Finally a day of rest — only 100 years late


Photo of a sign that says "weekend" with trees in the background
(Photo courtesy of Unsplash)
Three-day weekends should have been the norm from the very beginning. Maybe society will finally recieve a day of rest – just a century later than it should have. Even God got a full day off.

In 1890, spurred by ongoing union strikes demanding better working conditions, the United States government started tracking the amount of hours Americans worked during a typical week. The average number for a manufacturing employee was a whopping 100 hours — when tracking building tradesmen, the number went up to 102.

Even when armed with numbers like that, it would take the country another 36 years and the rise of Henry Ford before the eight-hour workday became the gold standard of the American labor market.

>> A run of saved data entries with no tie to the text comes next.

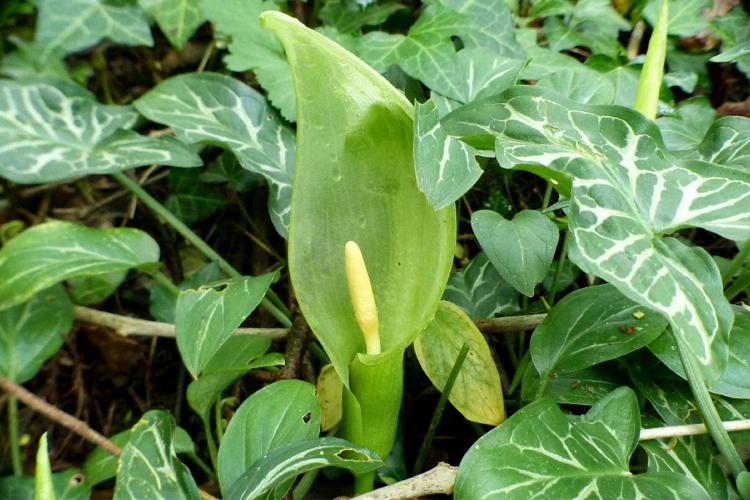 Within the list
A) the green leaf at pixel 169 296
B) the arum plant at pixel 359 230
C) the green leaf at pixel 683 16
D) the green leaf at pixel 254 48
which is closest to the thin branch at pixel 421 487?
the arum plant at pixel 359 230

Yet now, it feels a bit like we’re living in a pre-Ford wasteland of our own. Prepandemic, Americans worked more hours than any comparable nation — having the 6th most average annual hours worked per worker in 2018. Postpandemic, when millions of jobs went remote, the average American’s workday actually increased by about one hour. The ongoing result has been an unprecedented number of resignations, as many as 39 million in just 10 months. About 39% of the people who quit their job last year cite “working too many hours” as a primary driver for their departure.

Any student who works a part-time job or spins a few dozen extra plates knows that 48 hours is not nearly enough time to accomplish all that is abandoned for the sake of their degree: housework, groceries, meeting up with friends we’ve already canceled on three times, replacing tires, doctor’s appointments. When exactly is this ever-evasive “day of rest” people keep talking about?

Now that California is officially considering the four-day workweek, a certain amount of celebratory fervor is expected. For the first time in nearly 100 years, our labor laws might be shifting with the wellbeing of the employee in the foreground.

The bill would only apply to private-sector companies with more than 500 employees. It would function as a trial run of sorts, similar to ones played out in Belgium and Iceland, both of which yielded hopeful results: Productivity remained high and the mental and emotional well-being of participating employees skyrocketed.

All that being said, the bill is still unlikely to pass. Already labeled a “job killer” by the California Chamber of Commerce, economists and executives alike are extremely skeptical of the proposed 32-hour workweek. Some fear it will discourage pay raises, while others insist that shorter workweeks do not actually increase employment, thus extending the effects of The Great Resignation.

When Ford announced his company’s adoption of a five-day workweek in 1926, he wrote, “Just as the eight-hour day opened our way to prosperity in America, so the five-day workweek will open our way to still greater prosperity … It is high time to rid ourselves of the notion that leisure for workmen is either lost time or a class privilege.”

Nothing is the same as it was in 1926. There’s an eight-year-old somewhere using an iPad to play Wordle while lounging on a Purple Mattress bought with Honey’s 10% discount code. Refusing to update labor laws for fear of change is to deny that change has already taken place. People’s relationship to their workplace has shifted; whether companies choose to adapt is up to their own discretion and, possibly, detriment.

If the American worker’s tenacity is still being called into question, and our yearning for a day of relaxation scoffed at, it begs the question: If, after facing the Second World War, the Civil Rights Movement, the threat of nuclear warfare, two devastating recessions, an ongoing climate crisis and global pandemic, we are still unqualified for a little rest and repose, at what point will we have sufficiently earned it?